→ **Exercise brief**: Print all the data that follows exactly, images excluded.

→ **Provided data**:
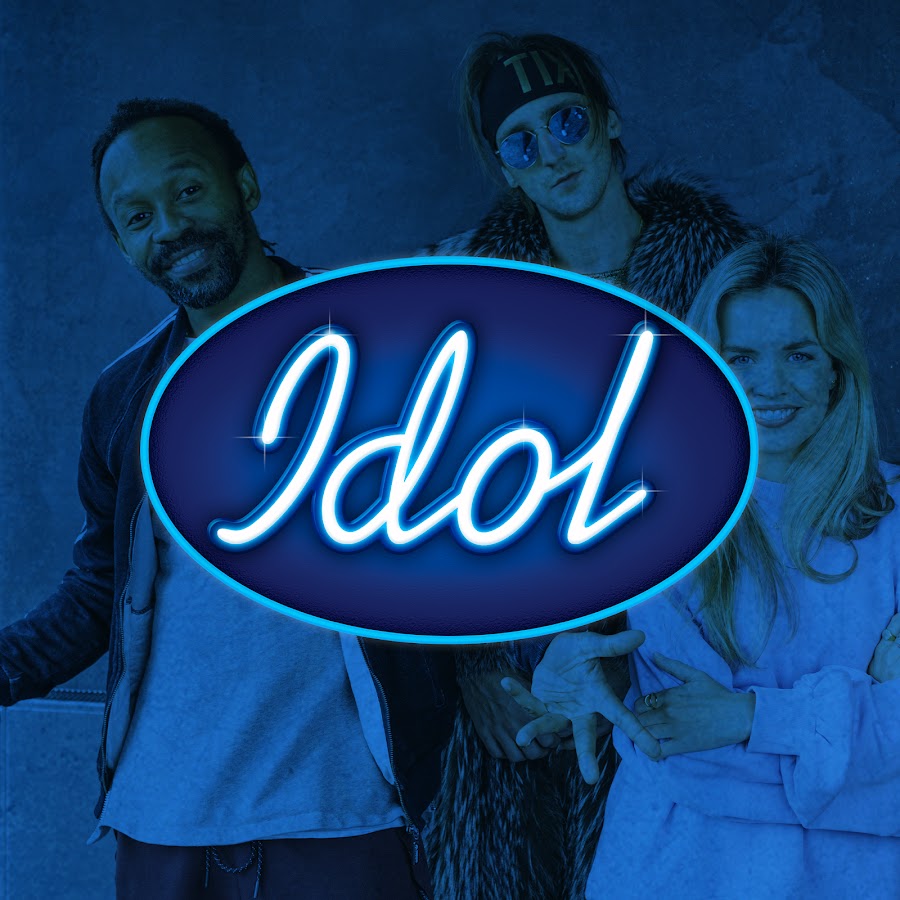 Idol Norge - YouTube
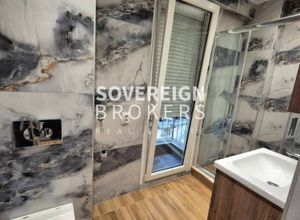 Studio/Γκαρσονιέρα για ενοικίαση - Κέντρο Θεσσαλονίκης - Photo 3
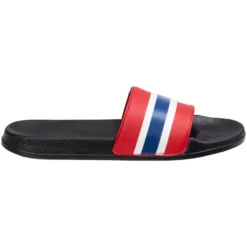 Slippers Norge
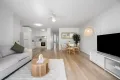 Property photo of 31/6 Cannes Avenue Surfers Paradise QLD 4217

→ **Solution to this exercise**:
 Idol Norge - YouTube
 Studio/Γκαρσονιέρα για ενοικίαση - Κέντρο Θεσσαλονίκης - Photo 3
 Slippers Norge
 Property photo of 31/6 Cannes Avenue Surfers Paradise QLD 4217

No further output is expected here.